Gegen den europäischen Trend legte die Kanzlerpartei ÖVP zu, die unter dem Effekt der Ibiza-Affäre offenbar FPÖ-Stimmen abholen konnte. In Ungarn wurde die Fidesz von Ministerpräsident Viktor Orban mit 56 Prozent der Stimmen stärkste Kraft, und damit wohl auch erfolgreichste Einzelpartei der gesamten EU vor der maltesischen Regierungspartei Labour, die 55 Prozent erreichte.

Niederlande Sozialdemokraten vorne

In den Niederlanden lagen die Sozialdemokraten um den Europa-Spitzenkandidaten Frans Timmermans völlig unerwartet vorn und kamen auf 18,1 Prozent, während rechtspopulistische Parteien unter den Erwartungen blieben.
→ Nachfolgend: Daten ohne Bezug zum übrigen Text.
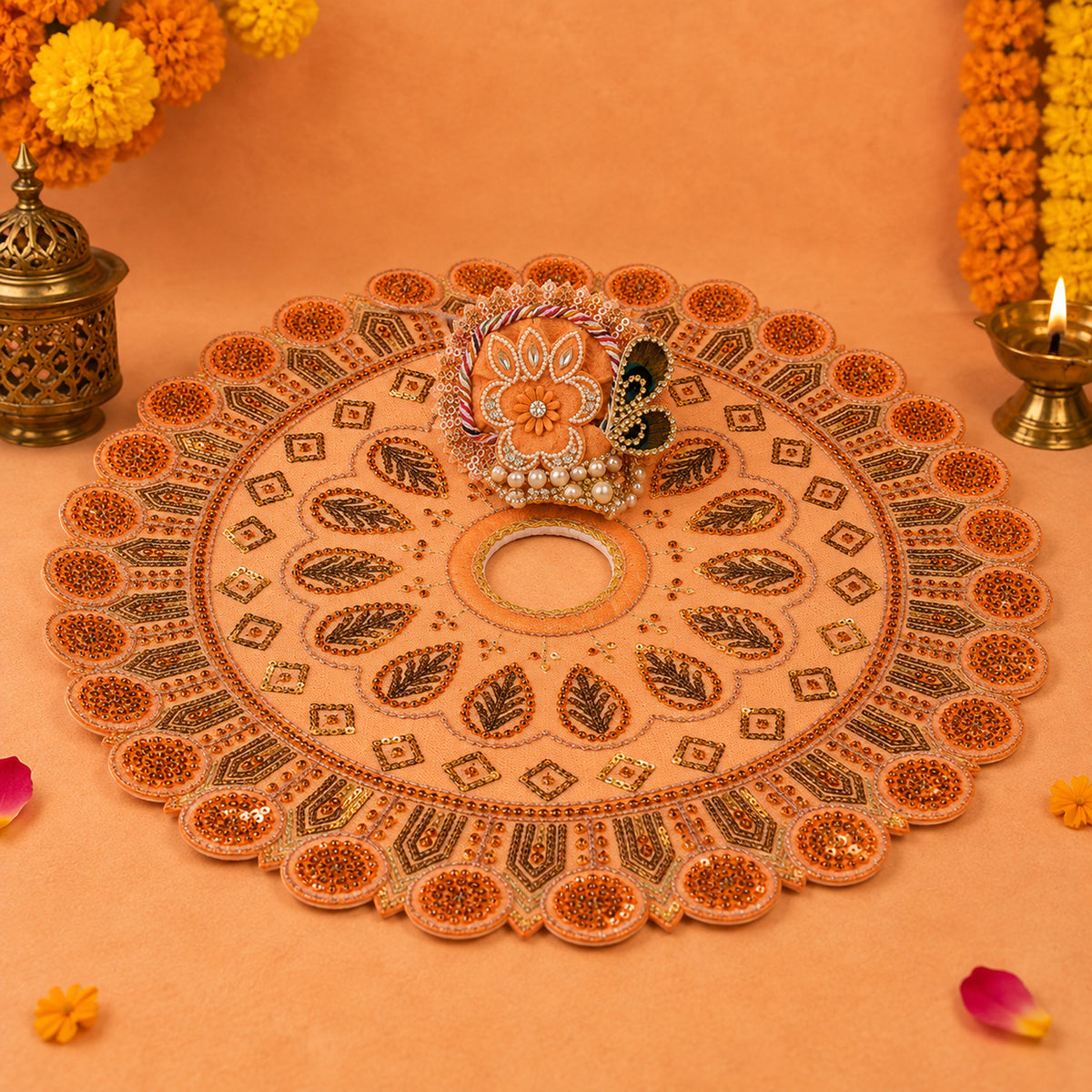 Bahar Navratri Poshak with Pagdi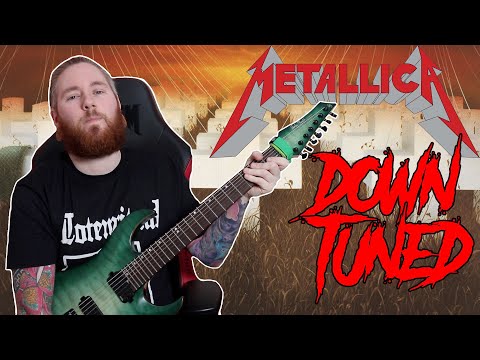What If Metallica Tuned Down? Master Of Puppets Album Guitar Riff Medley
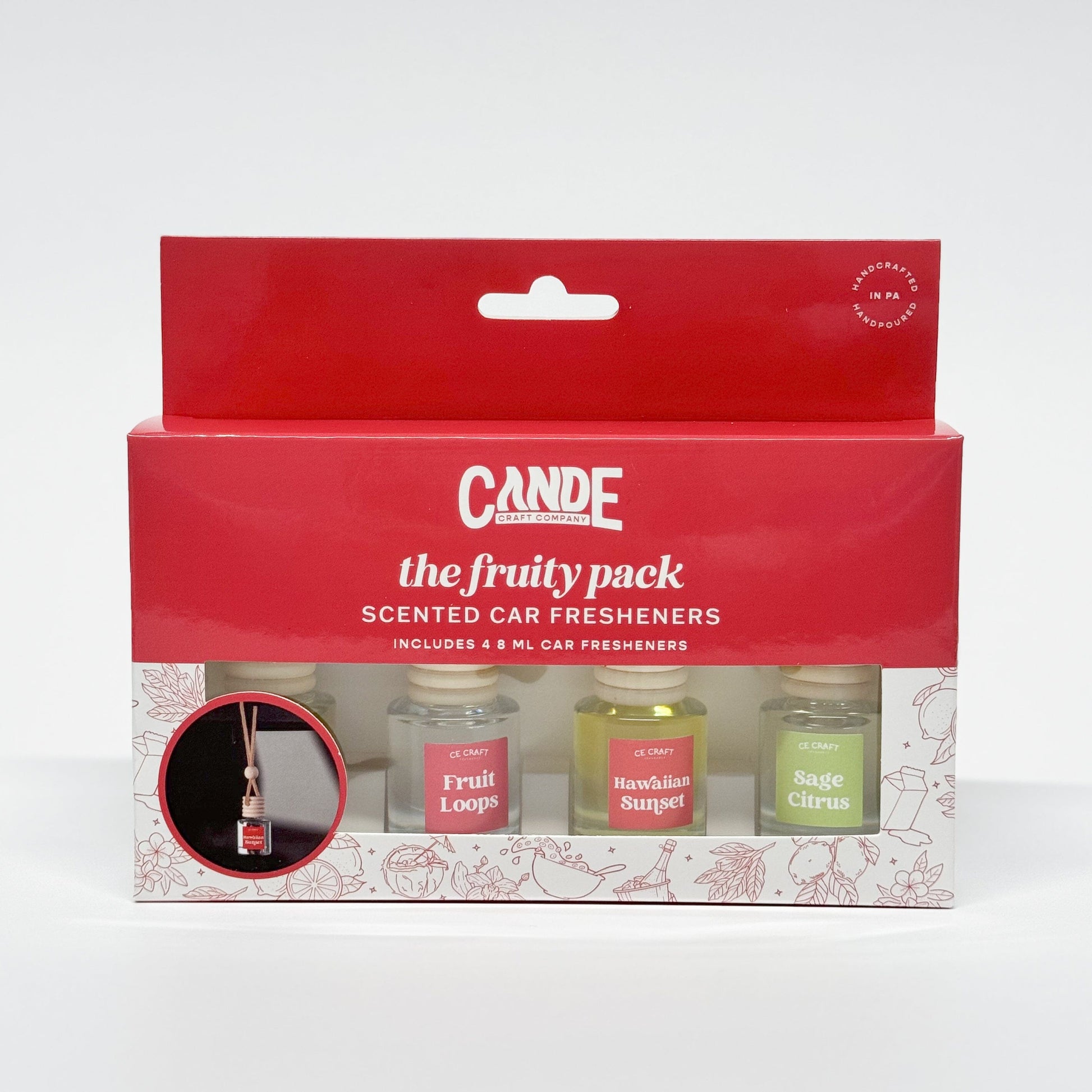 Fruity 4 Pack Scented Car Fresheners Bundle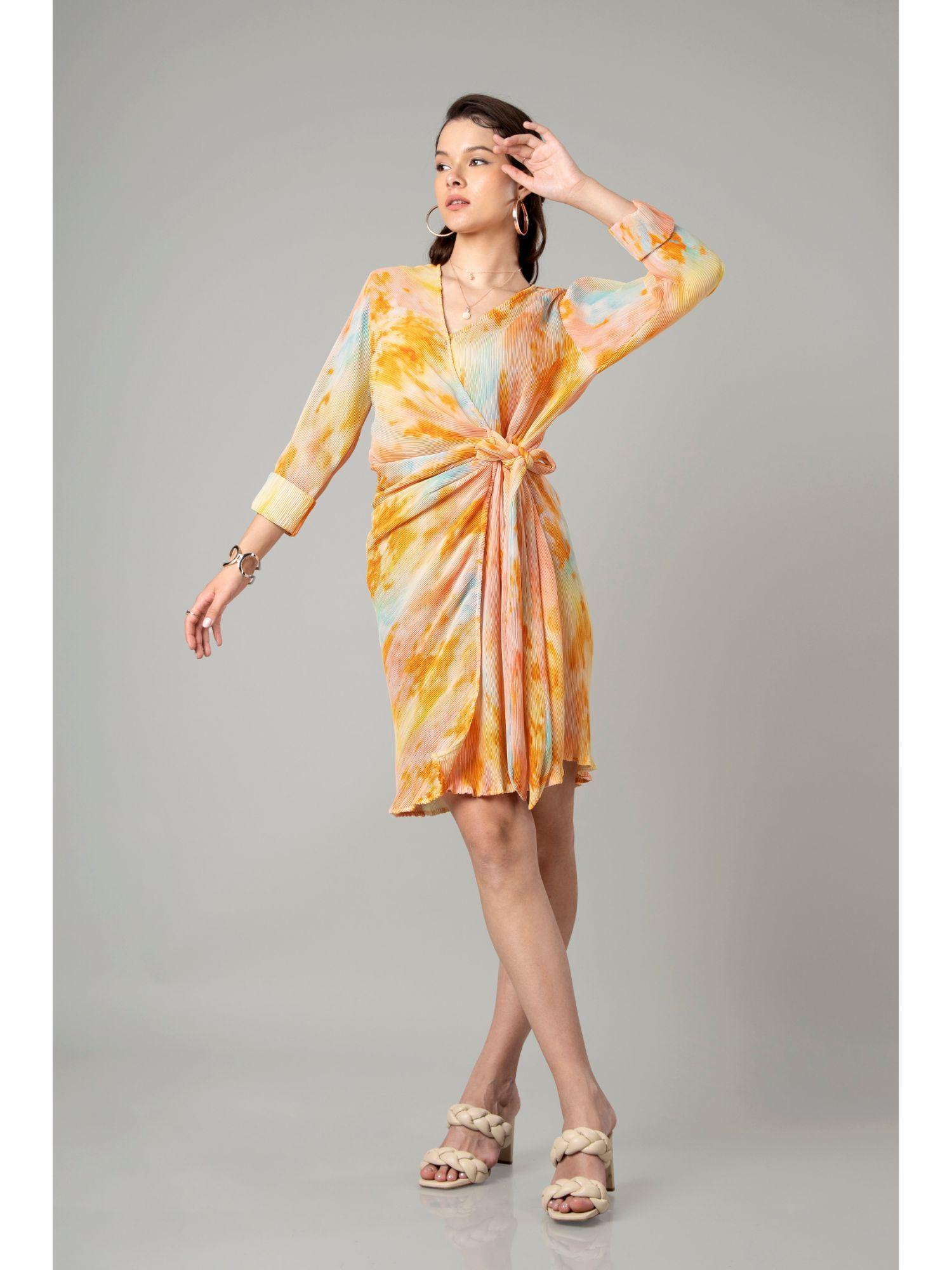 beautiful tie wrap dress for women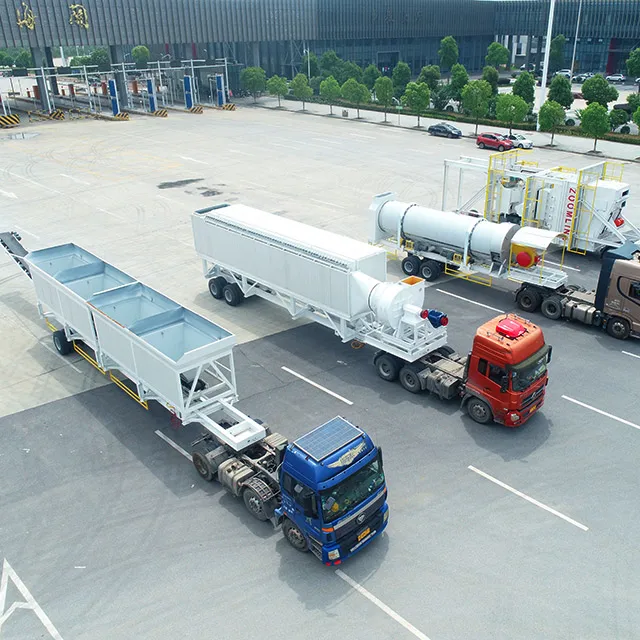 120TPH Mobile Asphalt Mixing Plant Price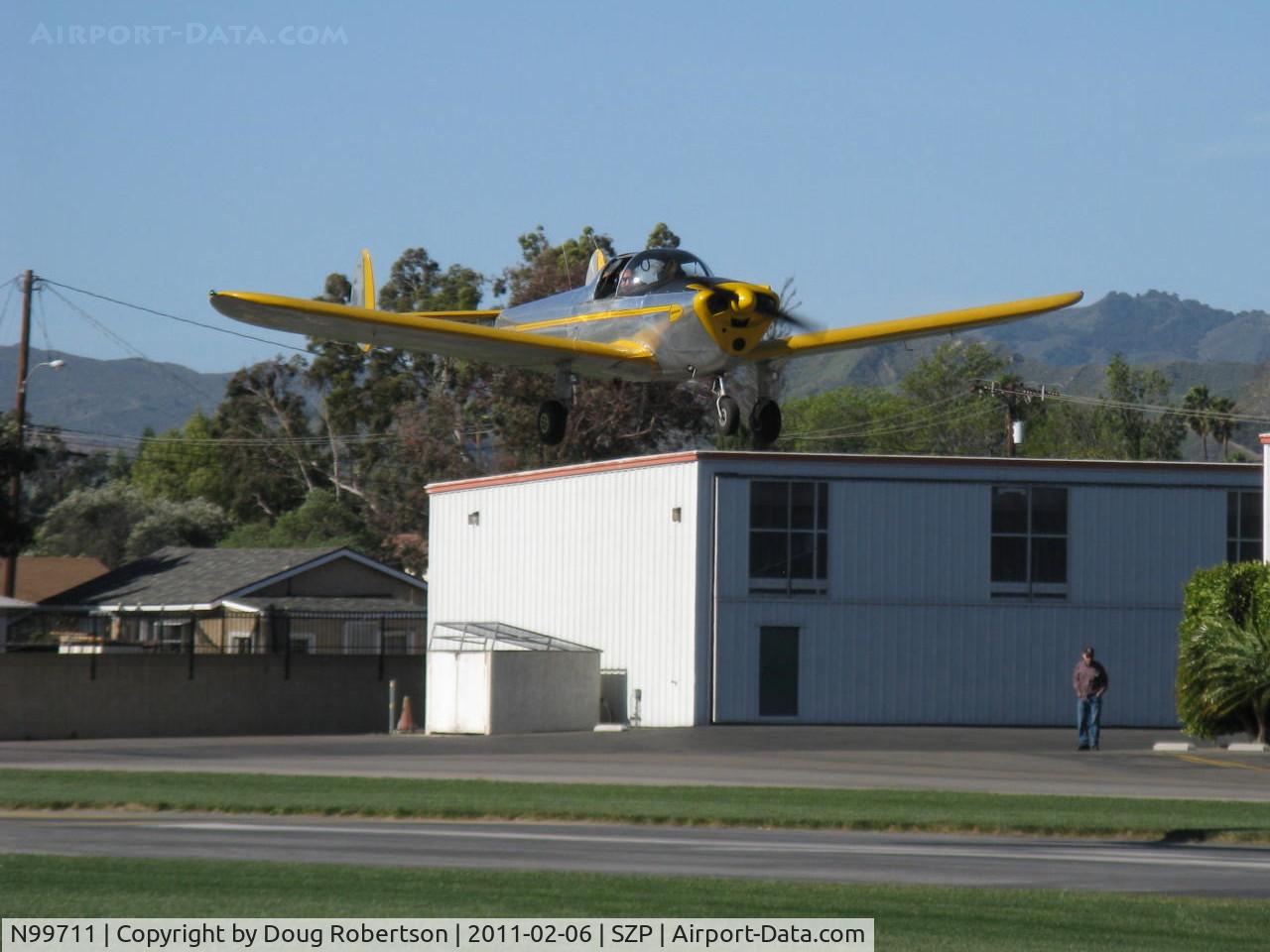 N99711, 1946 Erco 415D Ercoupe C/N 2334, 1946 ERCO Ercoupe 415-D, Continental O-200 100 Hp upgrade, on final Rwy 04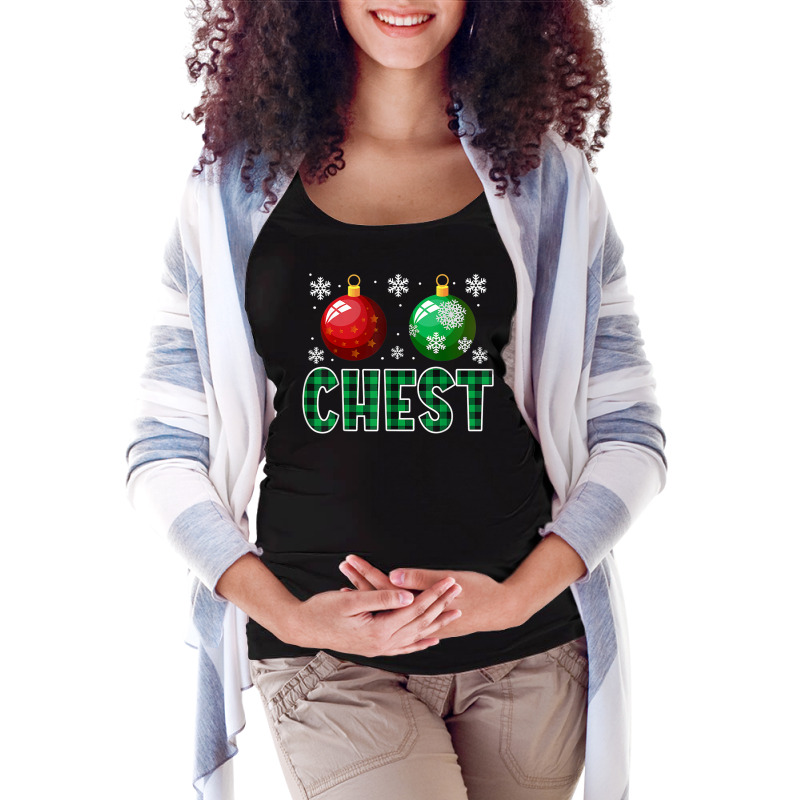 Chest Nuts Christmas Light Matching Couple Chestnuts Maternity Scoop Neck T-shirt by Uniform | Artistshot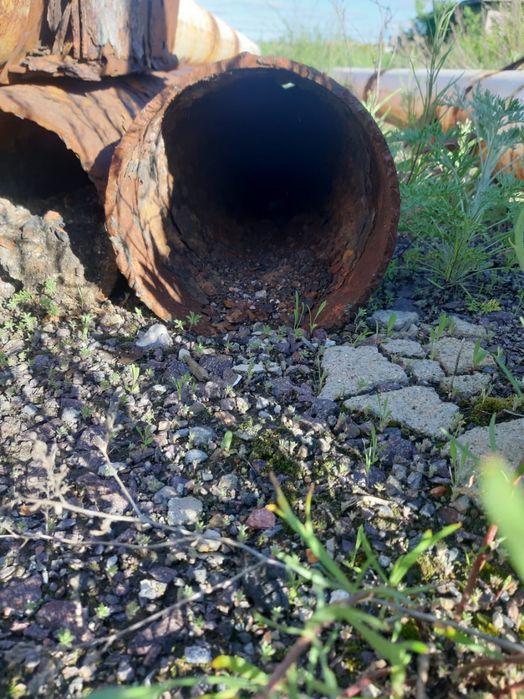 Продам б/у трубы 219. 1 кг 250тг.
In Irland stachen die guten Ergebnisse der Regierungspartei Fine Gael mit 29 Prozent und der Grünen mit 15 Prozent heraus.

Wahlbeteiligung gestiegen

Europaweit wurde eine zum Teil massiv gestiegene Wahlbeteiligung verbucht. In Spanien lag sie zwei Stunden vor Wahlschluss bei 49 Prozent, verglichen mit 34 Prozent im Jahr 2014. In Rumänien zeichnete sich sogar eine Rekordbeteiligung ab, rund 43 Prozent waren zwei Stunden vor Wahlschluss fast doppelt so viel wie vor fünf Jahren.

Zum Abschluss der viertägigen Europawahl hatten am Sonntag die Bürger in Österreich und 20 weiteren Ländern über ihre neuen Abgeordneten für das EU-Parlament abgestimmt. In vielen der 28 EU-Staaten zeichnete sich eine zum Teil deutlich höhere Wahlbeteiligung ab als vor fünf Jahren.

Insgesamt waren mehr als 400 Millionen Wahlberechtigte in 28 Ländern dazu aufgerufen, die 751 Abgeordneten im EU-Parlament zu wählen. Offizielle Ergebnisse wurden erst nach Schließung der letzten Wahllokale in der EU um 23.00 Uhr in Italien erwartet.